Make sure all key company information is easily accessible in your pitch
It always blows my mind when I see a pitch that doesn’t prominently include the key company information. You can’t expect a journalist to work to find the basics.
The background paragraph on the company is what determines how credible a business is. This should always include the following:
An explanation of what the company is/does in a single sentence
When and where was the business founded
How much funding it has raised/what’s the market cap
How many customers does the company have
Who are the big-ticket customer names
How many staff does the company have
How many countries is its technology available in
How many offices does the company have and in which countries
These are the basics. It should take seconds – not minutes – for a journalist to know who the company is, what it does, who it works with, and the key financials that you’re comfortable sharing publicly.
Pitch less, not more
This might sound counterintuitive, but volume isn’t the answer to generating more high-quality media results. Say goodbye to spray and pray. It’s about relevance, careful targeting, and timeliness. Bombarding hundreds of journalists is not the answer. Focus on sending well-crafted pitches to fewer journalists at the right time.
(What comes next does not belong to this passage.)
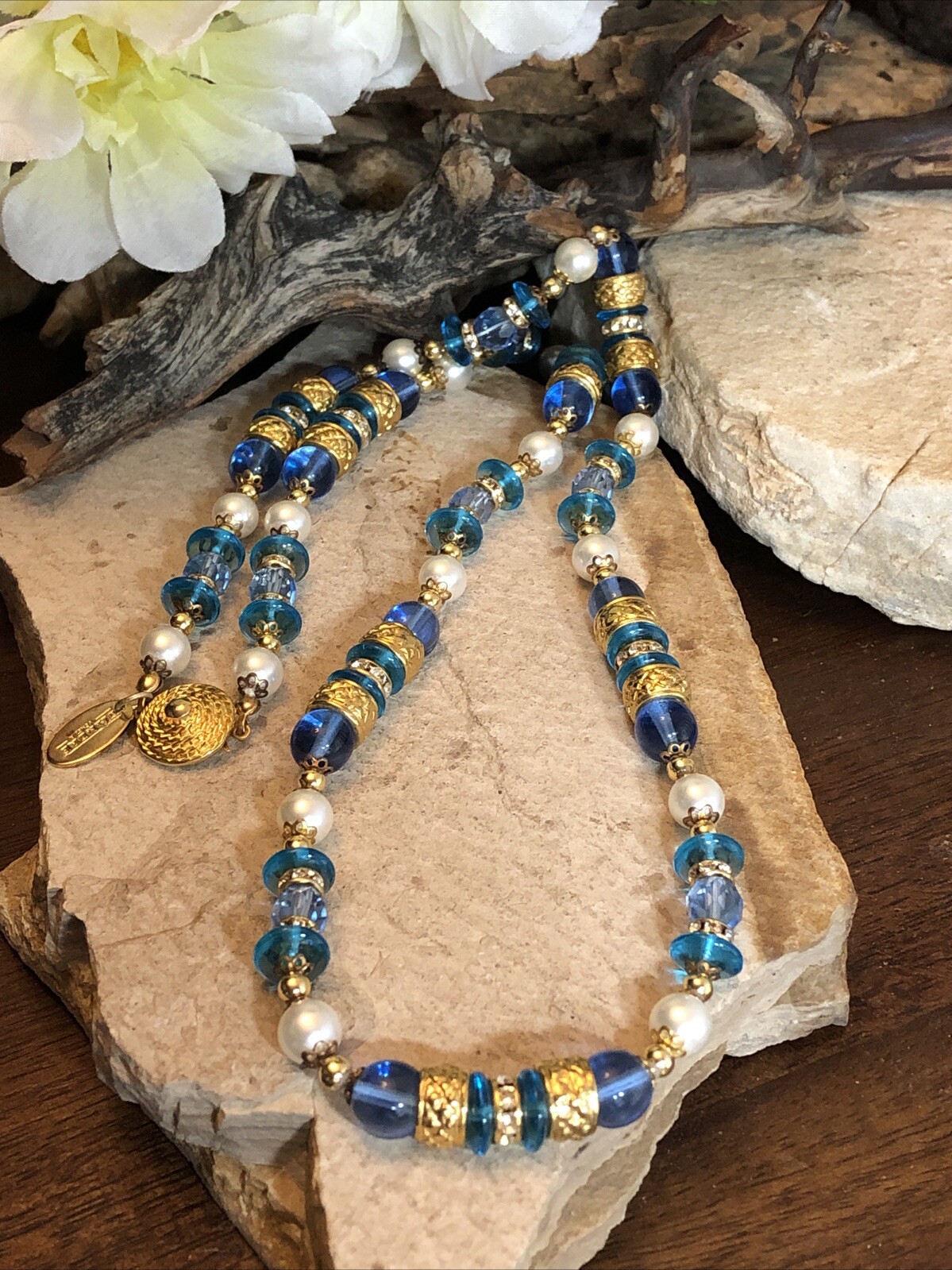20. DAndre Venezia Gold tone Spacer Pearl Blue Yellow Glass bead Necklace 28″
A single, timely, and thoughtful pitch will always outperform a scattergun press release. So slow down, put the kettle on, do your homework, and only pitch when you have something truly worth saying.
Follow the 80/20 rule – the right media list matters more than the pitch
Even the best pitch in the world will fall flat if it’s sent to the wrong person. 80% of your success will likely come down to who you’re pitching. You might be able to get away with not writing the perfect pitch if it’s sent to the right person, but a perfect pitch is useless if it’s sent to the wrong journalist.
This means investing your time in building an accurate, up-to-date, and tailored media list for every new piece of media pitching activity. No, you do not need to include every journalist under the sun. In fact, the opposite is true - less is more. Look at what each journalist covers and ask yourself, “does this person really need to be on here?”.
Invest real time in journalist relationships
Yes, cold pitches do work. Ignore those who tell you otherwise. However, if you want to deliver consistent results again, and again, and again, this is where taking the time to understand how a journalist works, what they’re looking for, how they put together their pieces, and how they like to be pitched, really matters. You need to respect their craft and nurture the relationship.
If they prefer email only, don’t call. If they prefer short emails structured in a specific way, don’t send lengthy press releases. If they say no, respect it, don’t force the issue, and come back next time with a different angle or something stronger.
Top tier journalists will remember and find the time for people who make their jobs easier and help inform their audience. Consistently delivering for them makes an enormous difference.
Top tier media coverage is often the result of ruthlessly relevant, deeply informed, and adopting a journalist-first approach. Next time you go to pitch, ask yourself: is this genuinely useful? Is it going to help the journalist tell a highly relevant story? And would I run this if I were in their shoes? If the answer to all those questions is yes, then you’re on the right track.